Back at Folklore for the second time. Luckily we ate super early, at 6pm. Our food arrived on the table in under 15 minutes. By the time the crowd piled in at 7.30pm, we were just about done. Those tables ordered at the same time, resulting in each table waiting close to 30 minutes for their food to be served. The wait for dessert would also be another 20 minutes. The restaurant is still under-staffed during the weekend peak hours.
This round, along with steamed white rice for those who preferred that, we had to have the sambal buah keluak fried rice. That was my only demand. It came with an egg done sunny-side-up. Hurrah. The chap chye turned up at the table too, as a friendly item and to fulfill the nutritional quota of vegetables. The friends loved the non-chilli-spicy but such well-marinated ayam siol so much that we ordered three portions of it. The sambal belachan still lacked sufficient belachan leh. It ends up being fiery-spicy, but a little flat on the tongue.
Folklore charges S$22 for its seafood otah. Was it worth it? Yes and no. It was delicious, delicately packed thick with mackerel, prawns and squid. But it isn't a big portion like Pagi Sore's ikan otah kukus that comes as a whole leatherjacket fish. Folklore's version is definitely worth a try, but it's really up to our cravings to see if we want it as a regular item when dining here.
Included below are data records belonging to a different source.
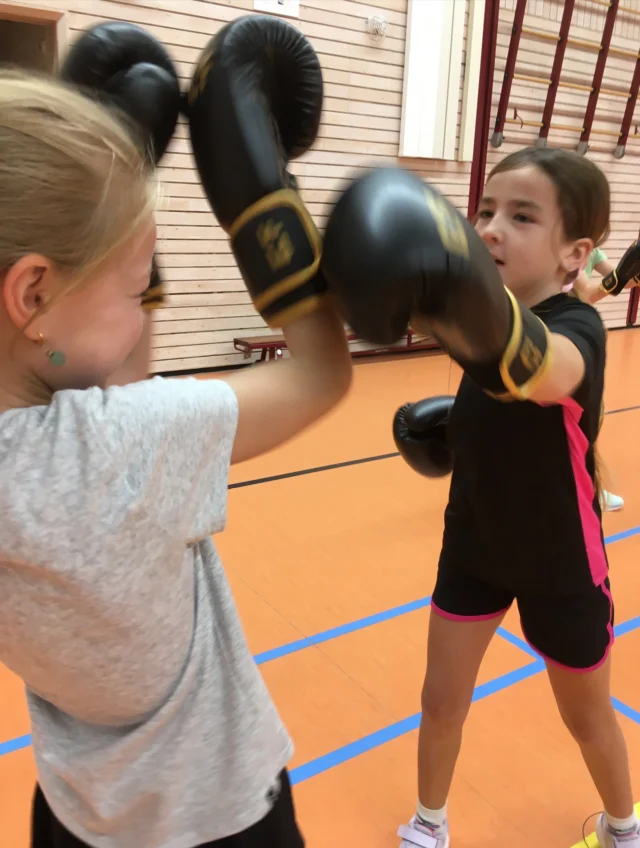 Deze week gingen we tijdens de gymles kickboksen. Dat was niet alleen een les in goed stoten, maar ook in stevig staan en een stapje terug doen als je hoog in je emotie zit. Zo werkten we tegelijk aan de lichamelijke en emotionele ontwikkeling.#harkstede #meerstad #noorderbasis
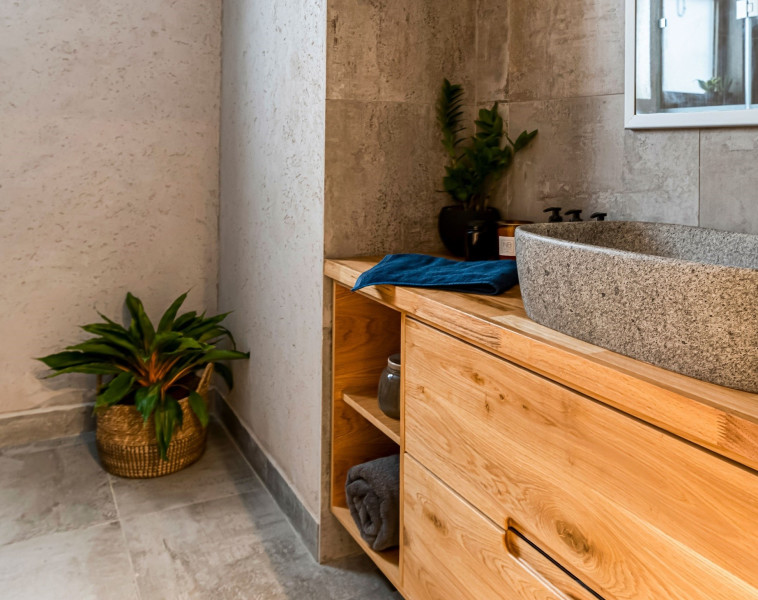 אמבטיה בעיצוב עדי זילברברג. באדיבות אלוני  (צילום: עינת דקל)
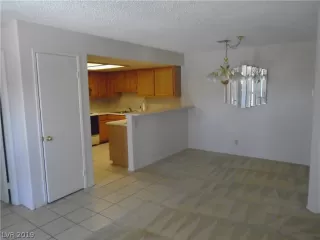 Photo #6: 2108118 Listing 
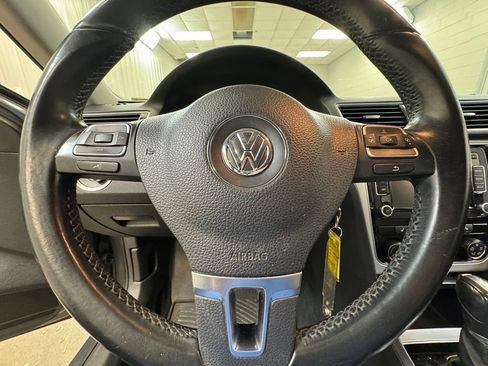 Used 2013 Volkswagen Passat 2.5 SE FWD image 39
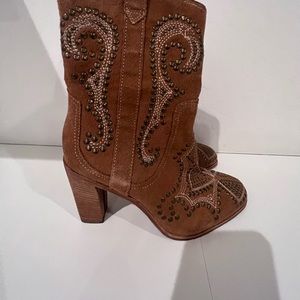 Donald Pliner embellished boots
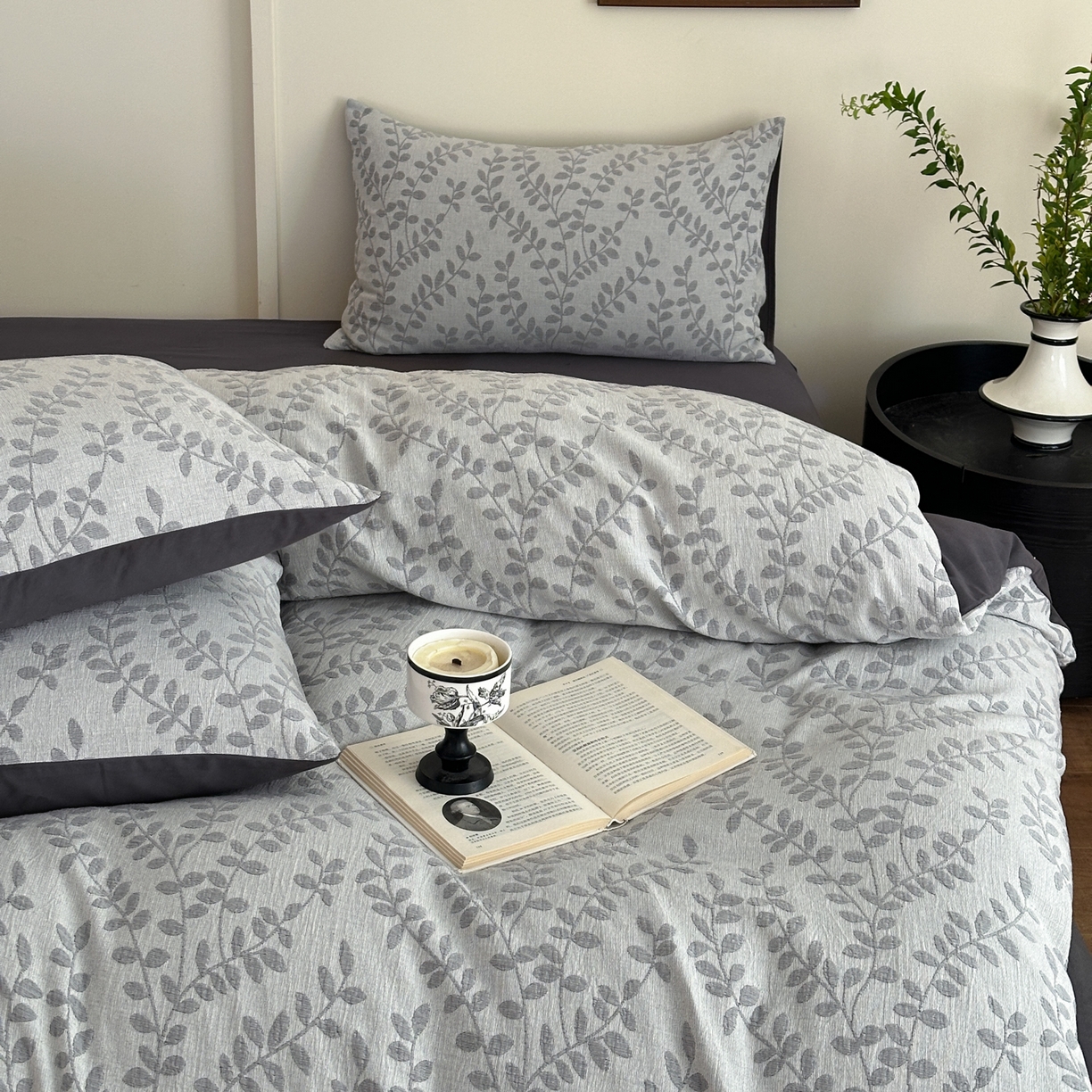 91家纺网 家纺一手货源 找家纺 小叮当家纺仓储工厂店 (买家秀 爆款花型 不断货)2025新款A类全棉纯棉加厚磨毛双层纱色织提花四件套 叶叶情深灰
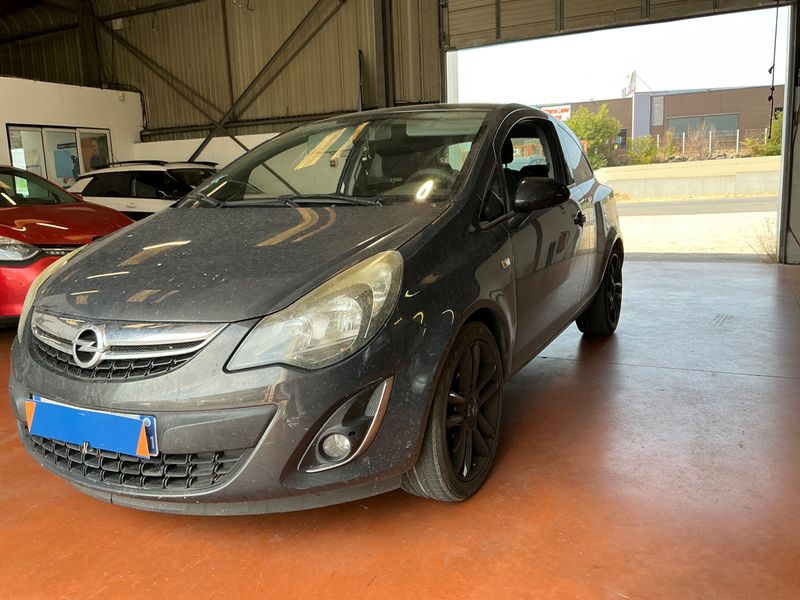 Opel Corsa 1.4 Color Edition 2013 – снимка 1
Made it to dessert. Shared a bowl of sago gula melaka and a plate of kueh kosui. The friends are now in love with gula melaka, coconut shavings and kueh. They're heading home after this weekend and would like to re-create it in their kitchen. Although I'm getting them the ingredients to pack into their check-in luggage for now, I've got no idea how to pack and mail this out to them in a parcel in the near future without their Customs confiscating these items.